= Egbesu =

Ijaw deity

Egbesu is the deity of justice of the Ijaw people of the Niger Delta region. Egbesu is also perceived as the spiritual foundational force for combating evil. The Egbesu force can only be used in defence or to correct an injustice, and only by people who are in harmony with the universe. The symbols of the divine force are the leopard, panther, and lion.
Egbesu has both a philosophical and spiritual dimension, the latter of which has been more prominent during recent times due to conflicts in regions where the Ijaw reside.

== Beliefs ==
Belief in Egbesu dictates the Ijaw philosophical principles of war and the Egbesu force is believed to be able to provide spiritual attributes to Ijaw fighters. The philosophical aspect incorporates elements of a just war. Egbesu conduct for just wars dictates that the only justified cause of war is self-defence.
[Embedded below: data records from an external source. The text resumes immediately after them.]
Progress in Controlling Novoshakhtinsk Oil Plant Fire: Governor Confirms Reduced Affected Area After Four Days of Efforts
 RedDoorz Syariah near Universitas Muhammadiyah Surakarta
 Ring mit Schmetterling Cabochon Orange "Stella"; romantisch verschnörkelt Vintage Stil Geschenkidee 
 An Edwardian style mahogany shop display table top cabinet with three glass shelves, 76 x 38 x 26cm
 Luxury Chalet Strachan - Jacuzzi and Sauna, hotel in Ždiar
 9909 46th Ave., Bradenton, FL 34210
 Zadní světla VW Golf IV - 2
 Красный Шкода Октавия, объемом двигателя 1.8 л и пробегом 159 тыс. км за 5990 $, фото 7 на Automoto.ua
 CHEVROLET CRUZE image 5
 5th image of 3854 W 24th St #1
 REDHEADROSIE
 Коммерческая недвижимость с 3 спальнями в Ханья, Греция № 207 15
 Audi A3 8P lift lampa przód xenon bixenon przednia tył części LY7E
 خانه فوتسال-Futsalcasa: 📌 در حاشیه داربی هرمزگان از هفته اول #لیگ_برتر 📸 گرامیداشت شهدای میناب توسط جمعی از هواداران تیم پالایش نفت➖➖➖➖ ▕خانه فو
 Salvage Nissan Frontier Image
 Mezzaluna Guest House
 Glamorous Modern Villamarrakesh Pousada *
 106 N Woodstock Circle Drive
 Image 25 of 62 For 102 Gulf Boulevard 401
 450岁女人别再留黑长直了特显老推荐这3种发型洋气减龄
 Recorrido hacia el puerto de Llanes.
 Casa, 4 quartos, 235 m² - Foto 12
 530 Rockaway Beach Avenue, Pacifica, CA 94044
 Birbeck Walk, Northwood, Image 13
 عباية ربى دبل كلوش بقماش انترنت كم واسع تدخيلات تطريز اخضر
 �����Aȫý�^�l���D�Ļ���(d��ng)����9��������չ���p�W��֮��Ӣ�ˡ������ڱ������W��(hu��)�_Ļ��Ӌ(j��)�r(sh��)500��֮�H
Therefore, the Egbesu force can only be used to correct an injustice and only by people who are considered in harmony with the universe.
Egbesu war ethics also incorporates a reward element, where victors are granted rewards for winning just wars.

Egbesu is also expressed in cultural practices. This includes a hierarchical organization of community members into an Egbesu king (chief priest), high priests (Okparans), followed by other priests and foot soldiers (Kulikuliwei). Chief priests are the only ones allowed to declare war, and only in their absence are Okparans allowed to undertake this duty.

The Egbesu force is also believed to be able to grant spiritual powers to fighters. This includes protection from enemy bullets.

== Current Practices ==
The ancient Egbesu cult of the Ijaws declined after the successful British occupation of the Ijaw lands in the late 19th century. This minimized the prominence of Egbesu for some time and most Ijaws only knew of the deity and its philosophy through folklore and traditional war songs.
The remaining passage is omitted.